» EXERCISE INSTRUCTIONS:
Your task is to reproduce the listing exactly, without its images.
PROVIDED DATA START
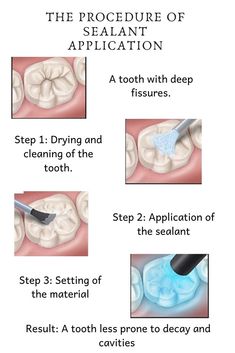 Dental Template, Registered Dental Assistant, Dental Assistant School, Hygiene School, Childrens Dental Health, Dental Sealants, Dental Hygiene Student, Dental Assisting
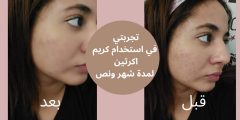 تجربتي مع كريم اكرتين للمسام الواسعة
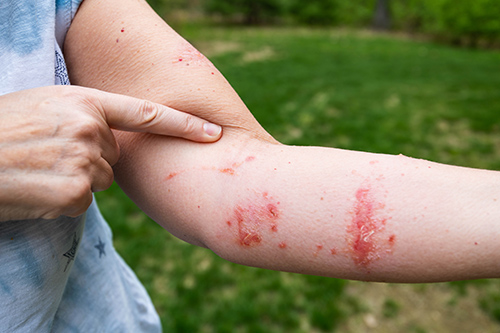 Forearm with poison ivy rash and blisters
PROVIDED DATA END
» ANSWER TO THIS PROBLEM:
 Dental Template, Registered Dental Assistant, Dental Assistant School, Hygiene School, Childrens Dental Health, Dental Sealants, Dental Hygiene Student, Dental Assisting
 تجربتي مع كريم اكرتين للمسام الواسعة
 Forearm with poison ivy rash and blisters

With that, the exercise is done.